“I want to lead a worthwhile life, and I know for sure that my education will take me places,” says 15-year-old Phulmati Tharu, but her future hasn’t always looked so bright.
At the age of eight, Phulmati was forced to leave the second grade, her family and everything else she’d ever known to enter a new life as an indentured servant for a family wealthier than hers in a village far away. She spent four long years as a Kamlari—an illegal but culturally accepted practice in some parts of Nepal by which parents enter a contract to have their daughters work as bonded laborers. As a servant in Nepalgunj for a family of five she was expected to work around the clock, leaving no time to attend school. “Those were indeed dark days,” she says.
Then, in 2008, Phulmati received some very good news. The local government and several nonprofits in the area were cracking down on indentured servitude and called back hundreds of girls working as Kamlari. “Coming back home after four arduous years of labor was a memorable moment,” says Phulmati of her return. “I recall walking down the lane to my house and seeing all of my family members who had gathered to welcome me back.”
After her rescue, Phulmati was accepted into Room to Read’s Girls’ Education program, and immediately began an intensive bridge course to help her catch up to grade level.

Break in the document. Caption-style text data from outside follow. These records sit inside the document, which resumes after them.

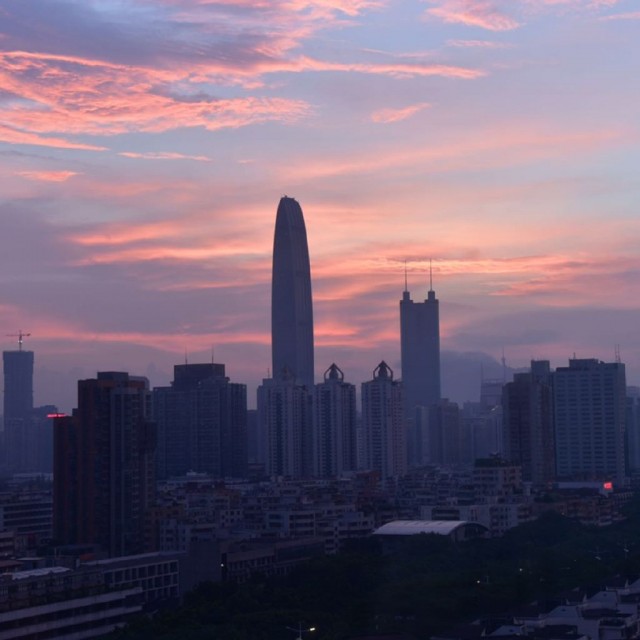何陌仁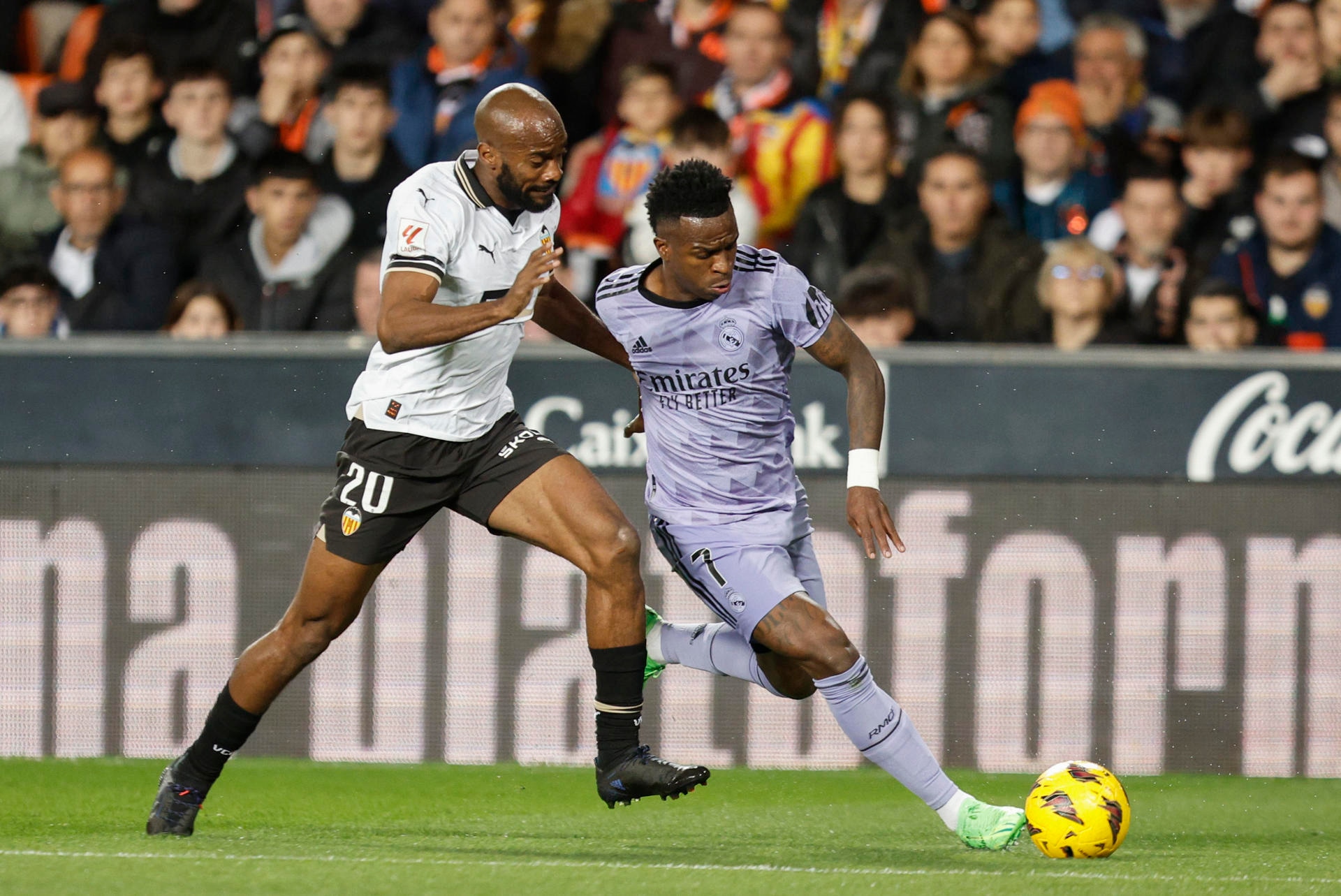 Real Madrid y Valencia empataron 2-2 en Mestalla por LaLiga de España. (Foto: EFE)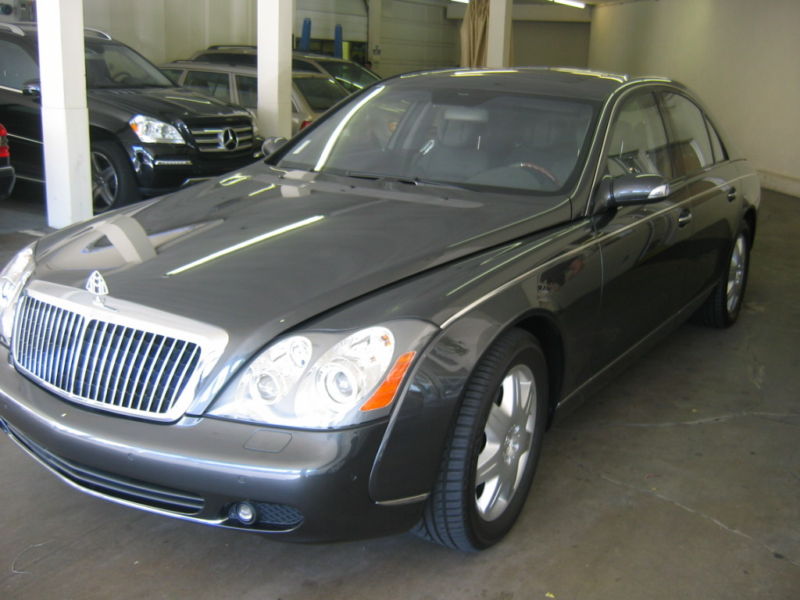 This is a true legend. You never know, Project Kahn's Maybach 57 complete wîth the 4 HRH number .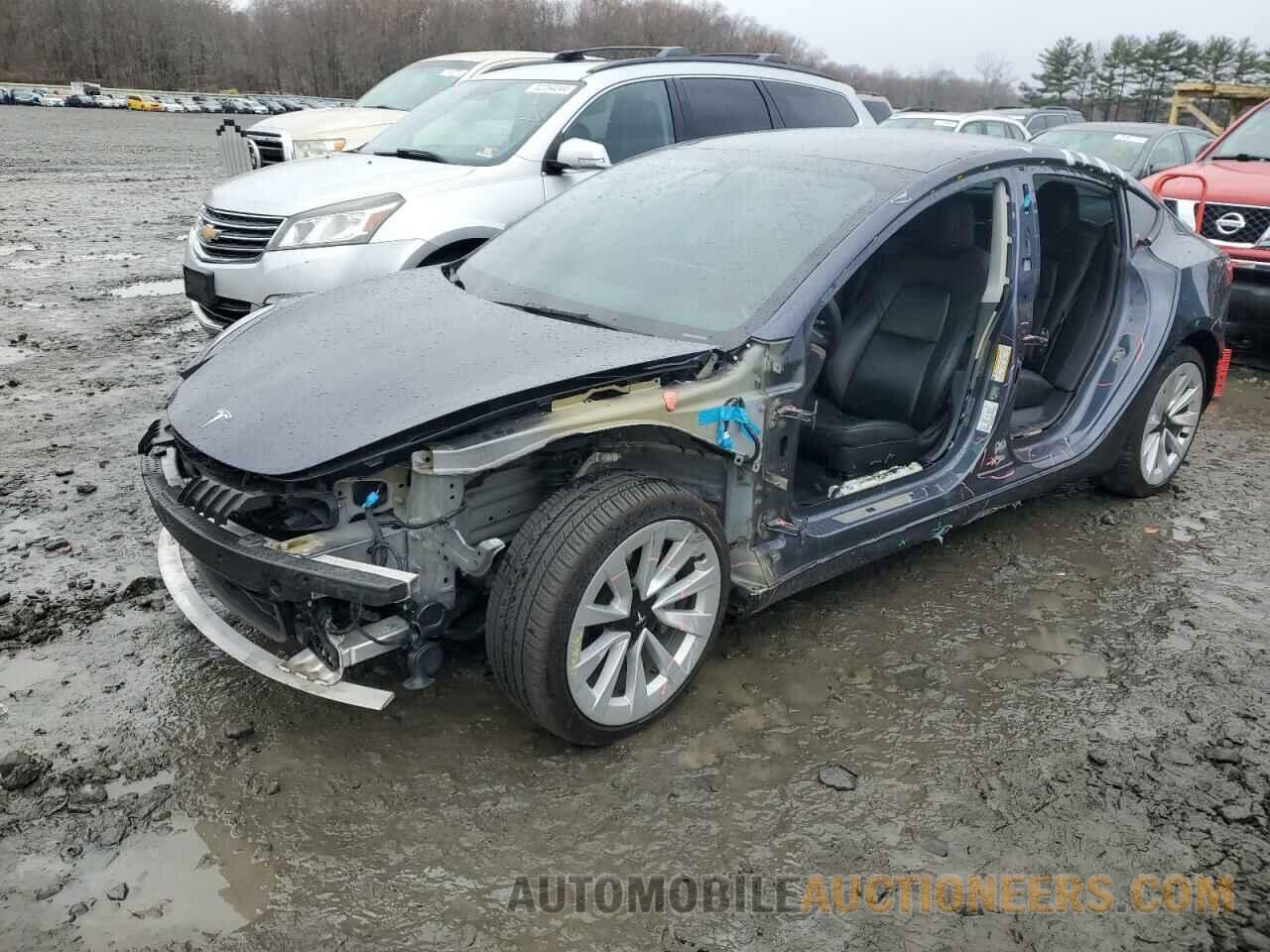 5YJ3E1EB9NF166797 TESLA MODEL 3 2022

She finished the bridge course, which normally takes 6-9 months to complete, in just four months—driven to use her second chance in school to create a better life for herself.
“One day when I was working as a Kamlari in Nepalgunj,” she recalls, “I had to do all the grocery shopping and felt ashamed that I couldn’t do simple addition.” She believed she had been shortchanged, but couldn’t be sure. “At that moment,” says Phulmati, ”I realized how important education was, and made up my mind that if I should ever go to school again, I would make the best of that opportunity.”
Now a seventh grader at Shree Prithivi Lower Secondary School, Phulmati has become a dedicated student and avid reader. “I was devoid of the company of the books for four years,” she says. “Our school now has a beautiful library with scores of books that have helped me a lot to progress in my studies.”
And that’s not all that has changed in her life. Phulmati says her family now supports her 100 percent in pursuing her education. Two years ago, when her school partnered with Room to Read’s School Construction program to add more classrooms, her brother was first in line to volunteer labor to the project.
“He dedicated most of his time to constructing the new building, even though he had other commitments,” she recalls. “He said that no sister of his belongs in a school without decent buildings.”